Mr. Right said all wrong |
Those clothes didn't make me any happier or more successful than say, bridge lines, or beam Mr. Right onto my path. Le Duc in fact came along (25 years ago this month) when I was wearing a voluminous Rei Kawakubo coat that he told me he hated pretty early on.
Not only did he introduce true love, he ended my over-the-top spending not by requesting me to forsake Ferragamo and Gaultier, but by creating other priorities.
Comments
I don't have any financial regrets. Until quite recently (the last five years or so), I spent very very little on myself in terms of clothing, jewelry, or any personal items.
I bought a sofa once which I hated--and gave it away a year later as a temporary piece of furniture to our son and his wife. They gave it away two years later. It wasn't a bad sofa, but was upholstered in a chenille I did not like (have NEVER liked chenille) and had a very uninspired and ungraceful shape. As a result of that debacle, I am so careful when it comes to furnishings and never make quick decisions (which can irritate my husband).
Sometimes I have a twinge of regret over not going to law school ( I was amused to read the comments in the NY Times of so many who regret GOING to law school).
Non Financial: Allowing myself to dive into overeating when a series of tragedies hit in my early 30s. Many years later, never been able to lose that weight.
Sartorally, I wish that I still had the clothes and shoes that I bought at Celine and Hermes in the late 1970s. I would be wearing them today.
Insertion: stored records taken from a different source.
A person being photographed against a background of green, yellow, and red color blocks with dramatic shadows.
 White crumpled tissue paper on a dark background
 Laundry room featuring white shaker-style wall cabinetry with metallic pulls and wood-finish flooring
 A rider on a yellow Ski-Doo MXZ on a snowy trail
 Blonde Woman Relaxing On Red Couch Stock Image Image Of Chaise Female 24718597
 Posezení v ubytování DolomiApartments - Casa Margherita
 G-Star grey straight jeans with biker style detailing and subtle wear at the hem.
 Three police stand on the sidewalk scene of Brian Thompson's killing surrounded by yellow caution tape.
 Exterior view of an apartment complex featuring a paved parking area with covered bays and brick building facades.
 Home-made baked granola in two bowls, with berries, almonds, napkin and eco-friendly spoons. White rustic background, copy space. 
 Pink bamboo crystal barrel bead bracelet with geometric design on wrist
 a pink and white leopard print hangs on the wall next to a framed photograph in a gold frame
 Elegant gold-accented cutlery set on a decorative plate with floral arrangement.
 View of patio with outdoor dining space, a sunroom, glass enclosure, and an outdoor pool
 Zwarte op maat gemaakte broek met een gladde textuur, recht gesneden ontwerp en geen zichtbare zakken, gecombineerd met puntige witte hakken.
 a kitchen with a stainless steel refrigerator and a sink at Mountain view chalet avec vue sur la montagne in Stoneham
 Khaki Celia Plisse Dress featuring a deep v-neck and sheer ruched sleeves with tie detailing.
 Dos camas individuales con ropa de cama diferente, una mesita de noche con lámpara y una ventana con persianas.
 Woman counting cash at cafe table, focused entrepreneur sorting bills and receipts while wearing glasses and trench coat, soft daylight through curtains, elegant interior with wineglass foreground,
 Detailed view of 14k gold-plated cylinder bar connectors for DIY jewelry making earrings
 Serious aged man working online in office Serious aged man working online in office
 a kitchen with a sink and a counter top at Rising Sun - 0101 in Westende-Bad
Finally, I wish that in my younger days I had invested in jewelry instead of horses. I would have had a nice collection with value today instead of memories, many of which are unhappy.
Susan: The classic advice- to live in a house a year before buying anything major= was hard to follow. Nothing was right. But it worked well for us as newlyweds. As years pass I am guessing you have built your eye!
hostess: Sounds like the pain of growing it out was worse than the cost.
Anonymous: There is always a lesson, at least if one stops to reflect.
Belle: Woman after my heart! But if I had my clothes of the '70s, I couldn't fit into them now!
s.: Not to band-aid your regret, but you are beautiful as you are. Perhaps somewhat different than your early 30s, which is the case for many women.
LPC: Before I plowed through those posts, I thought "I don't have any regrets". Then I realized just because they don't weigh me down, there are choices that I wish I'd made differently.
Fortunately, I was able to buy another sofa---attractive and deep and with a tasteful linen slipcover. But, the experience has made me gunshy when making major purchases unless I have an interior designer who taste I trust to be much like my own.
Like LPC, I have very few regrets. If anything, I wish I had dressed BETTER as a young woman. It wasn't until our children had left the nest that I allowed myself to spend any money on myself. So--I've come to knowledge about fashion very very late--one of the reasons I read this blog and others.
Demi-pointe: Your remarks lead to an insight for me, those clothes armoured me after a painful divorce. (I had them b/f the split, so they became part of "not losing everything".) I call the state of buying and then taking too good care, thus not really wearing the item, "curatorial shopping".
Thought-provoking post and the ensuing conversation is sure to be lively and interesting. Couldn't resist commenting despite just announcing I'd be holding back . . .
crunchycon: In the NYT lots of people regretted marriages, the repercussions both financial and psychological. (Strange. I do not regret a former one very much, only that it took so long to fall apart.)
Reflections: I hope we can all forgive ourselves for youthful mistakes- well, for any mistakes. Eons ago (I was single) was considering 'getting involved' with a married man, and a friend told me, "One thing is sure, you will suffer." Right.
But honestly, in terms of bang for the buck, I wish I hadn't bought a big, 100 year old fixer-upper house. I love my house, I love my neighborhood, but ... you know that movie, The Money Pit, from the '80s? I can relate.
We don't regret one single pearl!
Hope for a happy ending for the house investment, one day. Charming old houses are catnip to buyers.
Non clothing regrets: settling for a college that really wasn't the right environment for me, not having more confidence in my own skills, abilities and worth. Allowing le monsieur to pick light beige carpeting for the hallway and bedrooms (impossible to keep clean).